I implemented this real quick using finite differences as suggested by @DougLipinski, and this is what I come up with, at first glance it looks correct. Green vectors are the tangent vectors and red are the normals.
To calculate the differential arc length I used this relationship
$$(ds)^2 = (dx)^2 + (dy)^2$$
and applied a simple first order finite difference to $x$ and $y$.

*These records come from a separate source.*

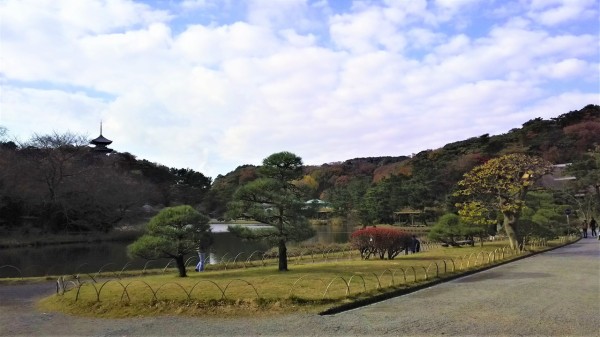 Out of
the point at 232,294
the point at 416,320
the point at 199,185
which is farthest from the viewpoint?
the point at 199,185

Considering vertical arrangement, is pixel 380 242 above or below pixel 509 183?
below

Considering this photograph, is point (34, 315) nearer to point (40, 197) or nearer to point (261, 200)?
point (261, 200)

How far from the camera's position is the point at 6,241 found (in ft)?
97.2

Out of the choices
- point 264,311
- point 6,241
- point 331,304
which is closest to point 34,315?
point 264,311

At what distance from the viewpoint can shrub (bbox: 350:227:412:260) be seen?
60.6 feet

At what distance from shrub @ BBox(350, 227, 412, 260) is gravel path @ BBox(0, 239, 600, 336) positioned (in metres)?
7.39

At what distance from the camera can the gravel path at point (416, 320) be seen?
23.4 ft

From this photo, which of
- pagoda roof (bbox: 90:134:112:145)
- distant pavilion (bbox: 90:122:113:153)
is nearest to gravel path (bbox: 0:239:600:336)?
distant pavilion (bbox: 90:122:113:153)

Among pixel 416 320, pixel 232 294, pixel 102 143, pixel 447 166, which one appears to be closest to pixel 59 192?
pixel 102 143

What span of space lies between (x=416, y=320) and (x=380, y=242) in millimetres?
10931

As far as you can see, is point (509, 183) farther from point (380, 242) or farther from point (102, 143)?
point (102, 143)

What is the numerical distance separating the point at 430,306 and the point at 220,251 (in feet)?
67.4

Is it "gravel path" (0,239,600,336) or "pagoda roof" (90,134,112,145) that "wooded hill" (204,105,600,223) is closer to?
"pagoda roof" (90,134,112,145)

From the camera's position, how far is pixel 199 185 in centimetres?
6562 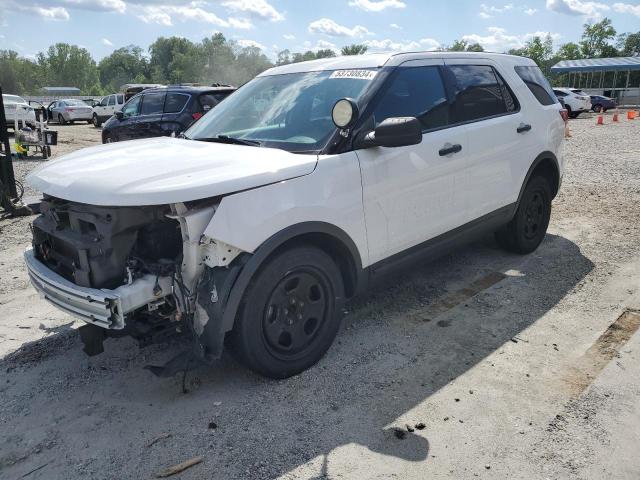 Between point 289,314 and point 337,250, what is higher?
point 337,250

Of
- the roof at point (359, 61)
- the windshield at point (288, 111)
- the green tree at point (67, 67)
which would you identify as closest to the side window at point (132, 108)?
the roof at point (359, 61)

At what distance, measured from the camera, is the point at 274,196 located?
301 centimetres

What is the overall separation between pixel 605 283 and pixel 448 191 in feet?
6.08

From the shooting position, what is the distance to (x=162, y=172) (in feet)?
9.51

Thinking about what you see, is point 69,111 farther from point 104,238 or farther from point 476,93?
point 104,238

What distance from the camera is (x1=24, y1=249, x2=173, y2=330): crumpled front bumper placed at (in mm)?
2775

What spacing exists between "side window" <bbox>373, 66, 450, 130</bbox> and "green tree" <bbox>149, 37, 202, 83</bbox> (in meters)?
106

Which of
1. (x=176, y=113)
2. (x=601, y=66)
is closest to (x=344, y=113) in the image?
(x=176, y=113)

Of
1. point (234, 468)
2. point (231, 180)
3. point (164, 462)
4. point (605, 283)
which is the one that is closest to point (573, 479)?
point (234, 468)

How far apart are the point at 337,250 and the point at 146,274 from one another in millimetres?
1204

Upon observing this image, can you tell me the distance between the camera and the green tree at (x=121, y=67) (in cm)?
13188

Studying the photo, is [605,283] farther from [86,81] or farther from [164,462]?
[86,81]

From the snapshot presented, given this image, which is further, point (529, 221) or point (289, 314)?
point (529, 221)

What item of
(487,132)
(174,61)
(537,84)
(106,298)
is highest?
(174,61)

Here's the code, let me know if you see anything wrong
clear all
close all
t = 0:0.01:(2*pi+0.01);
t = t(:);
n = length(t);
x = cos(t) - 0.5*cos(3*t);
y = sin(t) + sin(7*t) + sin(3*t);
e = ones(n,1);
A = 0.5*spdiags([-e e],[-1,1],n,n);%first order FD stencil
dx = A*x;
dy = A*y;
ds = sqrt(dx.^2 + dy.^2);
T = [dx./ds dy./ds];
for rr = 1:size(T,1)
T(rr,:) = T(rr,:)/sqrt(T(rr,1)^2 + T(rr,2)^2);
end
dT = [A*T(:,1) A*T(:,2)];
N = [dT(:,1)./ds dT(:,2)./ds];
for rr = 1:size(N,1)
N(rr,:) = N(rr,:)/sqrt(N(rr,1)^2 + N(rr,2)^2);
end
figure
plot(x,y)
hold on
quiver(x,y,T(:,1),T(:,2))
quiver(x,y,N(:,1),N(:,2))